46 E disse Maria: “Magnifica l’anima mia il Signore

47  ed esultò il mio spirito

in Dio mio Salvatore,

48 perché guardò giù alla bassezza della sua serva.

Ecco, infatti:

da ora mi diranno beata

tutte le generazioni;

49 perché fece a me grandi cose il Potente

e santo è il suo nome;

50  e la sua misericordia, di generazione in generazione,

per quanti lo temono.

51  Fece potenza col suo braccio;

disperse gli orgogliosi

nel pensiero del loro cuore,

52 abbattè i potenti dai troni

e innalzò gli umili;

53  affamati riempì di beni,

e arricchiti mandò via vuoti.

54  Si prese Israele suo servo,

ricordarsi di misericordia!

55  Come parlò ai nostri padri,

ad Abramo e alla sua discendenza per sempre.

56 Ora Maria dimorò

con lei circa tre mesi.

E ritornò alla sua casa.

Luca è l’evangelista della preghiera. Non solo ne offre numerosi insegnamenti e raccomandazioni, ma ne mostra anche il posto centrale che occupa nella vita di Gesù e degli altri personaggi del suo Vangelo e degli Atti. Non a caso, proprio nel terzo vangelo, troviamo in apertura e in chiusura delle persone in preghiera nel tempio di Gerusalemme. Nei primi versetti incontriamo il sacerdote Zaccaria che sta celebrando l’offerta dell’incenso, mentre il popolo prega fuori (Lc 1,8-10). Nei versetti finali dell’ultimo capitolo, l’evangelista presenta i discepoli di Gesù anch’essi nel tempio di Gerusalemme in preghiera (Lc 24, 52-53). Il tema della preghiera attraversa e fa da inclusione all’opera lucana.

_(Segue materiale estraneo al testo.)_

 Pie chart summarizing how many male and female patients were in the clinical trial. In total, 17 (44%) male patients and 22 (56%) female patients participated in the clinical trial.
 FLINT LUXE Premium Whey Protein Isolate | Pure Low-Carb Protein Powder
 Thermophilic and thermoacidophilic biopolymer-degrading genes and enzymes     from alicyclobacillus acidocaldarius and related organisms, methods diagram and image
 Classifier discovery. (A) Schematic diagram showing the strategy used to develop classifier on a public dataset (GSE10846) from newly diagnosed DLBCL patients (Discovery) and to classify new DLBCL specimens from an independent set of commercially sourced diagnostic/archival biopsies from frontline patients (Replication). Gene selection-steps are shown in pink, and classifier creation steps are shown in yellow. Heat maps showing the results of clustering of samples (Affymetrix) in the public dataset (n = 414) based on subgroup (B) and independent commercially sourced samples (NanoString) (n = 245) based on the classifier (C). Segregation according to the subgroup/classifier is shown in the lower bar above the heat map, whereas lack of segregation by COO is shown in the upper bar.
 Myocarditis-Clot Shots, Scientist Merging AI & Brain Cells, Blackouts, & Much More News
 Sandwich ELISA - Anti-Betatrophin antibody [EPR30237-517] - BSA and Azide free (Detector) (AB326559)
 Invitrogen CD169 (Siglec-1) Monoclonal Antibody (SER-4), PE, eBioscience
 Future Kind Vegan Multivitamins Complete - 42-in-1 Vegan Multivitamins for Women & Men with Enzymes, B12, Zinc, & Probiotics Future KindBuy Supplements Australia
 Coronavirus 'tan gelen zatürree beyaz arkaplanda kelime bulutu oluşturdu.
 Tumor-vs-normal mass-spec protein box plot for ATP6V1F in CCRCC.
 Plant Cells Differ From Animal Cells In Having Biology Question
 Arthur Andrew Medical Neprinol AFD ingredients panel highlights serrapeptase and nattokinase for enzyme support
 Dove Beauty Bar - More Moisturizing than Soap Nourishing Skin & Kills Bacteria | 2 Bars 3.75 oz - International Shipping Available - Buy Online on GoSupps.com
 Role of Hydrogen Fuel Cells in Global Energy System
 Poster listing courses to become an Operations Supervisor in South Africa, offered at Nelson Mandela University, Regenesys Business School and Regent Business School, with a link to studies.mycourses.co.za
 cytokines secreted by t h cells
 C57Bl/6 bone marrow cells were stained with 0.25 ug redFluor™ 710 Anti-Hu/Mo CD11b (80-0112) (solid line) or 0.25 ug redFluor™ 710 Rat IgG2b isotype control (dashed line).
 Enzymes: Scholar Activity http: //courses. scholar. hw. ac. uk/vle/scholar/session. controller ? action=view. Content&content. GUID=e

Oltre a presentarci uomini e donne che pregano, Luca offre pure esempi di preghiere come il Padre nostro, l’Angelus, il Gloria, l’Ave Maria, le ultime parole della compieta “Nelle tue mani, Padre,consegno il mio spirito”. Tra queste spiccano gli inni che costellano il suo vangelo: il Benedictus, il Magnificat, il Nunc dimittis. Preghiere esemplari, tanto che la Chiesa chiede di ritmare con esse le ore della giornata e tutti i giorni della nostra vita, e le propone, rispettivamente, per la preghiera delle Lodi mattutine, per la liturgia dei Vespri a sera, per la preghiera di Compieta prima di andare a dormire. Il Magnificat è quel canto che fiorisce la sera. È importante che fiorisca la sera, perché è facile cantare al mattino, ma alla sera quando si conclude la giornata è più facile imprecare. Invece il senso della giornata, della storia e della nostra storia personale vuole essere questo canto e questa danza.

Il contesto

Per leggere la poesia del nostro testo è importante rendersi conto del contesto narrativo dove è collocato. Anche per il Magnificat vale infatti ciò che è regola primaria di ogni buona lectio: occorre inquadrare il testo nel contesto per cogliere i legami che intrecciano l’insieme. Il Magnificat brilla nel vivo del racconto della visita di Maria a Elisabetta (Lc 1,39‐56). Sì, la vecchia Elisabetta – vecchia come le attese dell’uomo di trovare vita e felicità – che ha in grembo il Battista, l’ultimo dei profeti, colui che porta con sé tutta l’attesa millenaria di Israele e l’altra, una ragazza giovane, che ha in grembo l’Atteso. In queste due donne che si abbracciano si abbraccia l’attesa e l’Atteso, il desiderio e il Desiderato. Queste due donne sono presentate come l’icona di tutta la storia dell’umanità che è desiderio e attesa, rappresentate da Elisabetta che attende felicità, vita, futuro e da Maria che porta in sé il compimento di questo desiderio. È dal loro incontro che sgorgherà il canto.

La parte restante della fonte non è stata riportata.